The therapy relationship is made to help you sift through your thoughts, feelings and actions, and figure out how they fit together. Our role is to help you express yourself more fully, to see yourself more clearly, and to help you change the things you want to change — so that your relationship with yourself as well as with others becomes richer and more fulfilling.


Art therapy is a unique branch of psychotherapy that uses the creative process of art making to improve the well-being of individuals of all ages. Because art is a visual language, it accesses aspects of our experiences in a different way than verbal language. Art therapy is an effective treatment modality for adults as well as children, as it helps to reach where words cannot. Sometimes our experiences don't fit well into words. Turmoil, sadness, anger, anxiety and confusion can make it necessary to go beyond talking. Art-making allows us to explore complicated or unspeakable feelings. Through the art therapy process, these issues may come to light and become speakable, thereby creating more possibilities for healing and promoting personal growth. 

Art therapy clients are able to deal with the same kinds of issues they would deal with in conventional talk therapies, however, they engage in the therapy by working with art materials as well as talking with the Art Therapist. The proportion of art making to talking, and the precise way in which the two forms of communication are blended together for therapeutic effect, will vary according to your needs and the presenting situation. 
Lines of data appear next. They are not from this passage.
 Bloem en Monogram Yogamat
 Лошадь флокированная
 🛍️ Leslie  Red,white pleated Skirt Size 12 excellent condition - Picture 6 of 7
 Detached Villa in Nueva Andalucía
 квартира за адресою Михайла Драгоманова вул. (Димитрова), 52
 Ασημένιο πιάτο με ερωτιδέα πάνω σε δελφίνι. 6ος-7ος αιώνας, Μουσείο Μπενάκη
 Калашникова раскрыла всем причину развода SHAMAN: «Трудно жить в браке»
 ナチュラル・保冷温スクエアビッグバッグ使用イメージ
You don’t need any special talent or experience with art to benefit from art therapy. It’s about using art materials to help inspire your inner-work, within a safe and supportive therapeutic relationship.
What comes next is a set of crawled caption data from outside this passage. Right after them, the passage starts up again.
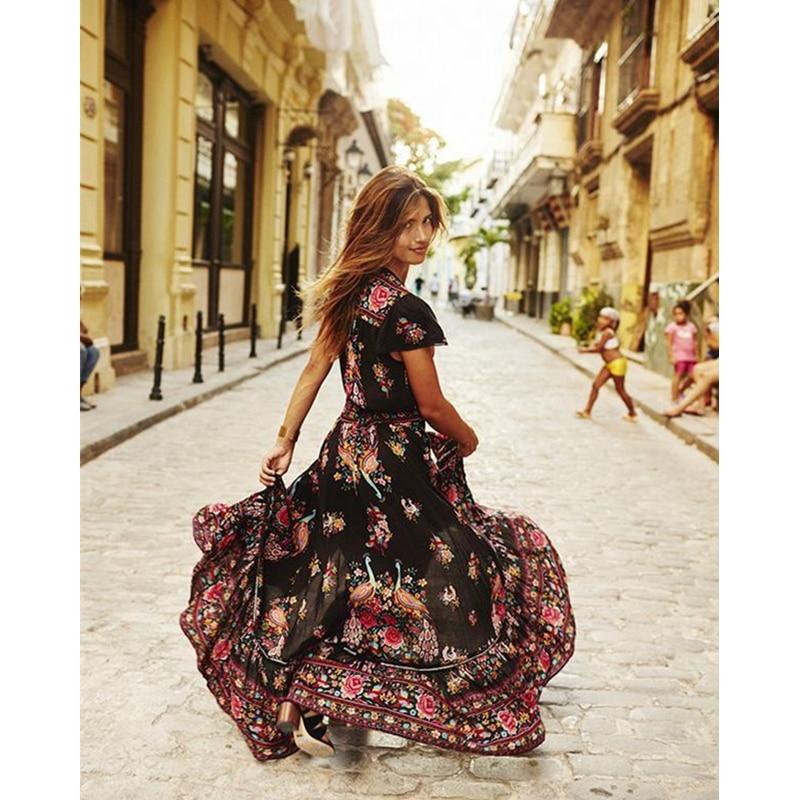 Alina  – Fließendes Maxikleid mit Rüschensaum und Flügelärmeln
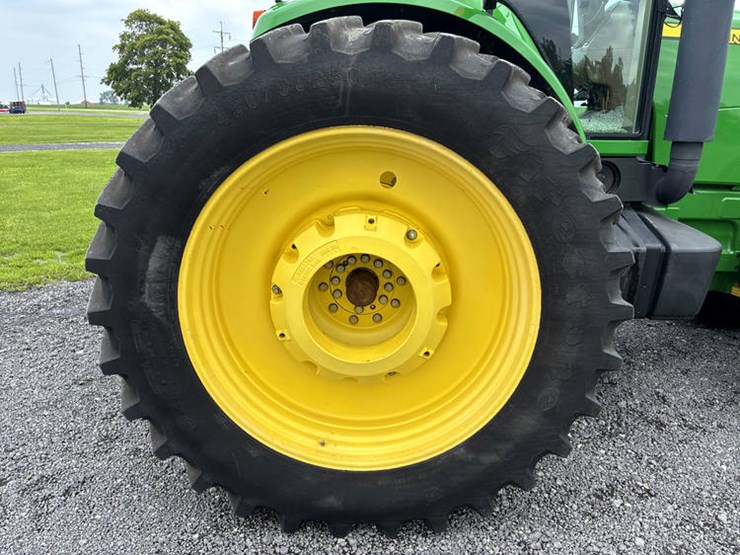 2009-john-deere-8430-image-45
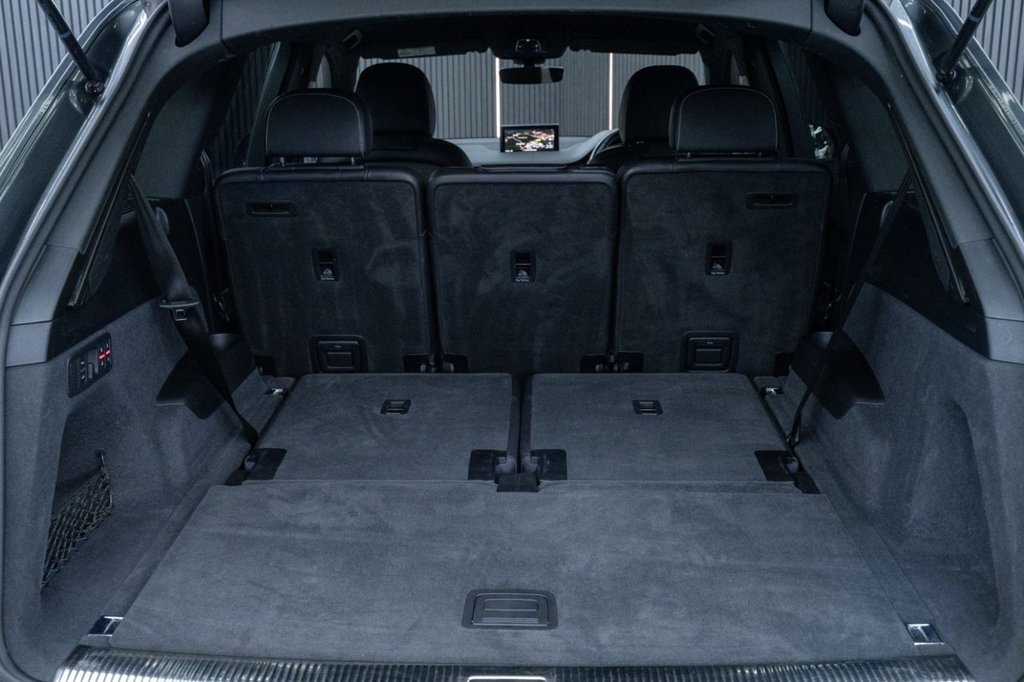 Used Audi Q7 2017 for sale - 76820849: Photo 42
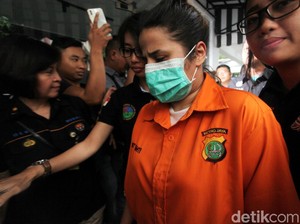 Tulisan Selawat Nabi di Kotak Nyabu Dhawiya, Adam Levine Dikaruniai Anak Kedua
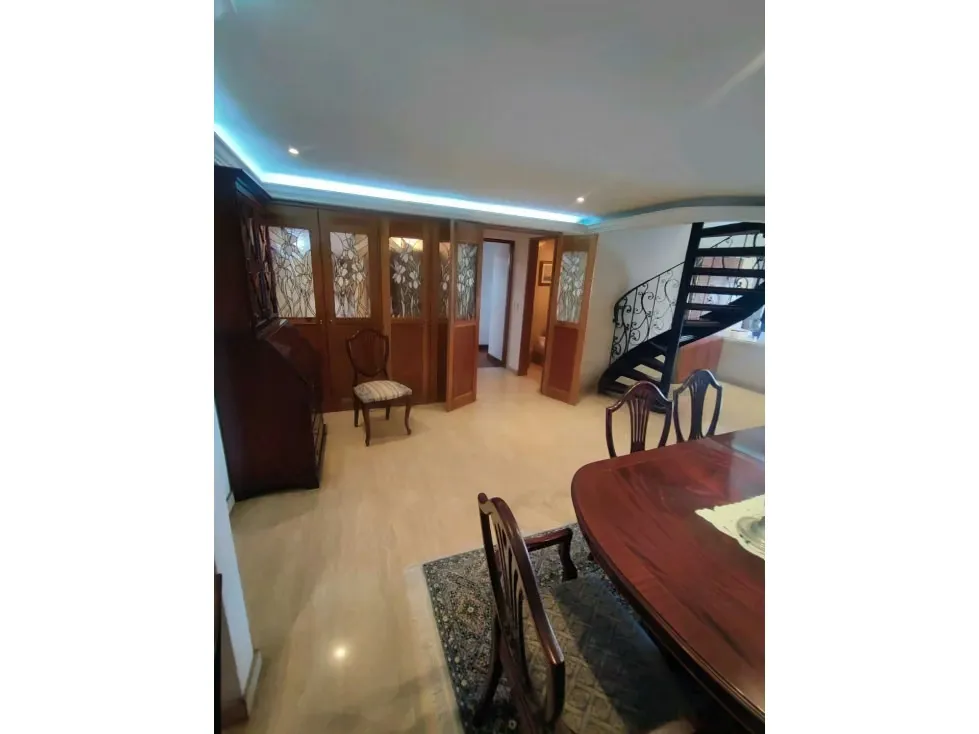 Se vende PH duplex 330m2 Los Palos Grandes 8382 - 11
Children have unique access to a language that we often forget as adults – play and creativity. As therapists, we pay careful attention to what children communicate through play and the arts. We know what child development looks like when it is impeded, and when it flourishes. We have worked with children who suffer from a wide range of mental health and emotional challenges, such as mental illness, complicated grieving, trauma, and much more.

There is evidence that child depression and anxiety are predictive of these illnesses in adulthood. So while therapy can be a big investment for a family, it can set a child on a course for a happier life through adulthood. Working with adults has inspired us to specialize in child and adolescent development and treatment. Often, adult clients have said they wish they would have had a professional therapist to help them navigate grief, conflict, and trauma as a child.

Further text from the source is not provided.